90年代における韓国、台湾の産業・投入産出構造の変化
グローバル化の進展で変わる構造

2002年10月01日 向山英彦


要約

  1. 経済がグローバル化するなかで、産業構造の違いが経済パフォーマンスの違いの一因となってきている。本稿では、主に韓国と台湾を取り上げて、90年代に、産業構造および投入産出構造がどのように変化したのかを検討していく。

  2. 産業別GDP構成比をみると、韓国では80年から2000年にかけて、農業が10ポイント以上低下した一方、工業が1ポイント、サービス業が9ポイント上昇した。他方台湾では、同期間に農業が5ポイント、工業が13ポイント以上低下するなか、サービス業が19ポイント上昇し、経済のサービス化が急速に進んだ。

  3. 経済のグローバル化の進展に伴い、産業構造は「国際分業型」へと変化していく。こうしたなか、企業の海外調達も増加することから、投入産出構造において国産財の投入率が低下する傾向がみられる。

  4. 韓国と台湾の製造業の生産額を比較すると、輸送機器と一般機械産業のウエートが大きく異なることがわかる。韓国では自動車や造船産業が輸出産業として成長した結果、輸送機器の製造業の生産額における構成比は20.5%(99年)であるのに対して、台湾では7.5%(96年)である。一般機械産業の構成比は、韓国では9.1%、台湾では4.6%である。他方、台湾では電子・電機機械産業への傾斜が強い。

  5. 産業連関分析より明らかになった90年代の韓国経済の変化としては、1)電機・電子産業では生産構成比は上昇したが、影響力係数は平均以下となったこと、2)輸送機器産業では生産構成比は若干低下したが、影響力係数は上昇したこと、3)繊維/織物/衣服産業では生産構成比は大きく低下したものの、影響力係数は平均以上であること、4)金融/不動産/その他サービス産業は感応度係数が高く、90年代を通じて著しい成長をとげたこと、などがある。

  6. 他方、90年代における台湾経済の変化としては、1)生産面では電機・電子機械産業の構成比は大きく上昇したが、影響力係数は低下したこと、2)一般機械産業では生産構成比は変化しなかったが、影響力係数は大きく低下したこと、3)金融・保険/不動産などのサービス産業の生産構成比が上昇し、感応度係数も高水準にあること、などである。

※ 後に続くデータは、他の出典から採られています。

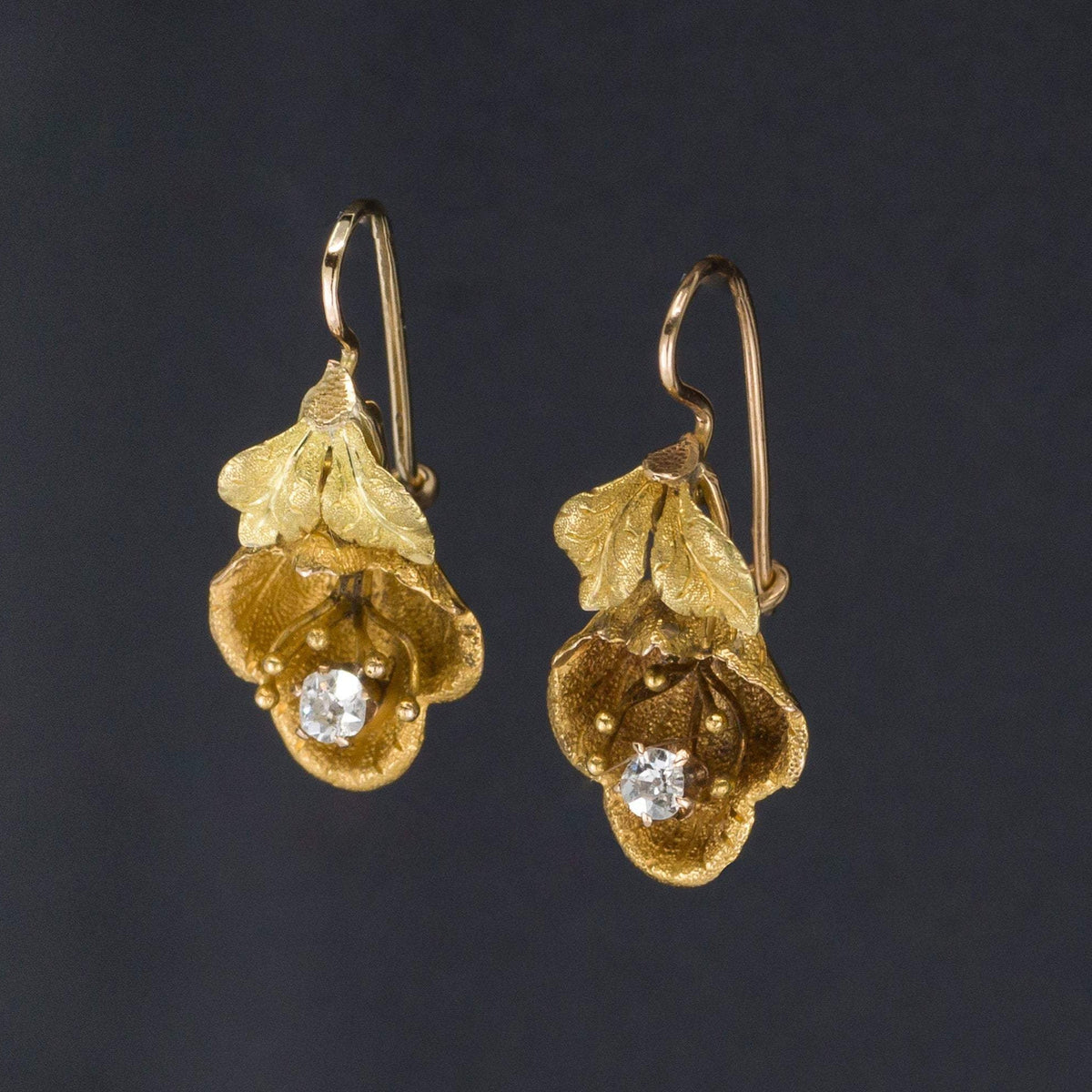 Diamond Flower Earrings | Antique Flower Earrings - Trademark Antiques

  7. 台湾経済は生産および輸出品目構成において、ITを含む電機・電子産業への傾斜を強めた結果、IT需要の変動を受けやすくなった。しかも、電機・電子産業は生産に占める割合が最も高い半面、その生産波及効果は産業の平均以下であるために、雇用創出の面で、新たな産業育成やサービス産業のさらなる発展が課題となる。

  8. 台湾と比較して、韓国の産業構造は多様化しており、このことが経済の安定に寄与している。韓国では産業構造よりは産業組織が問題であったことが、通貨危機によって示された。通貨危機後、財閥改革が推進される一方、外資の進出もあり、産業組織の改革も進んでいる。